Entanglements create divided loyalties. Oaths, alliances, and relationships can quietly become leverage points for fear and compromise. This isn’t just “ancient politics.” This is the modern risk of being yoked to interests that don’t share God’s priorities.
“Do not be unequally yoked” (2 Corinthians 6:14). And also: “Bad company ruins good morals” (1 Corinthians 15:33). Nehemiah can’t fully control their ties, but he can control his obedience.
Nehemiah 6:19 — Also they spoke of his good deeds… and Tobiah sent letters to make me afraid.
This is a classic: compromised insiders normalize the threat by highlighting “good deeds” while ignoring the actual sabotage. Meanwhile Tobiah continues fear campaigns. Nehemiah doesn’t let it dominate his attention. He stays mission-locked.
This is where your John 15 theme matters: external commitment without heart conviction dies. Nehemiah’s endurance is not mere grit; it’s rooted dependence — “O God, strengthen my hands.” That’s abiding language before the word “abide” is used. The work lives because the worker is leaning on God.
“Cross” Fit S-WOD (Spiritual Workout of the Day) – 13 January 2025: Where is the enemy trying to pull me “down from the wall”—through distraction, rumor, intimidation, or spiritual-sounding counsel that leads to compromise? Today, (1) name the tactic, (2) refuse one specific distraction that would stall obedience, and (3) pray Nehemiah’s prayer with action: “O God, strengthen my hands,” then take the next faithful step in front of you. Measure “God’s guidance” by Scripture and by fruit — choosing the path that produces Christlike obedience rather than fear-driven sin.

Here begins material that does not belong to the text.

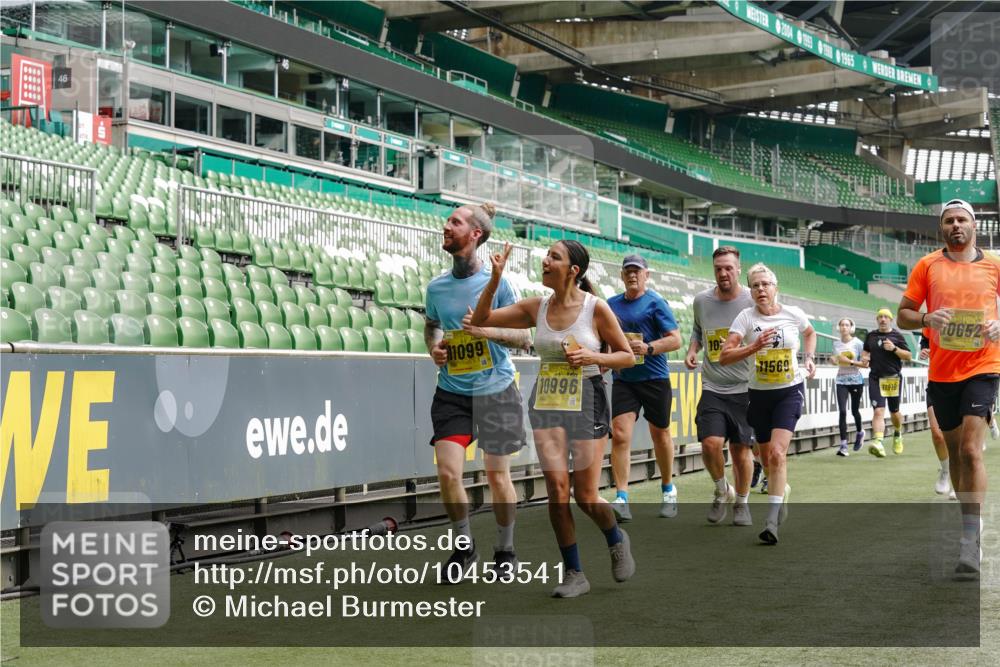 13.09.2026 - 21. swb-Marathon Bremen Michael Burmester http://msf.ph/oto/10453541 13.09.2026 10:32:04 Laufen im Stadion 10141, 10146, 10174, 10203, 10222, 10226, 10227, 10243, 10246, 10249, 10255, 10256, 10281, 10284, 10322, 10365, 10372, 10410, 10443, 10448, 10471, 10478, 10479, 10486, 10503, 10517, 10518, 10529, 10540, 10543, 10550, 10555, 10565, 10577, 10579, 10589, 10608, 10610, 10626, 10631, 10646, 10670, 10675, 10684, 10685, 10690, 10703, 10704, 10707, 10708, 10714, 10721, 10725, 10757, 10765, 10771, 10821, 10822, 10838, 10886, 11350, 11379 meine-sportfotos.de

Pray: Father, You see every scheme that tries to derail obedience—friendly invitations that are traps, rumors that poison motives, threats that aim at frightened hands, and even religious words that mask deception. Strengthen my hands today. Give me discernment that is anchored in Your Word and sensitive to Your Spirit, so I can recognize false counsel by its fruit and refuse fear-based compromise. Keep me from obsessing over what people say and fix my heart on what You say. Lord Jesus, You endured slander, manipulation, and the lie of false witnesses, and You stayed faithful all the way to the cross—finishing the work the Father gave You to do. Teach me to abide in You so my obedience has life and lasting fruit. Protect Your church from divided loyalties and backchannel compromise. Let my steady faithfulness point others to You, so even those watching can perceive: this work is done with the help of our God. In Jesus’ name, amen.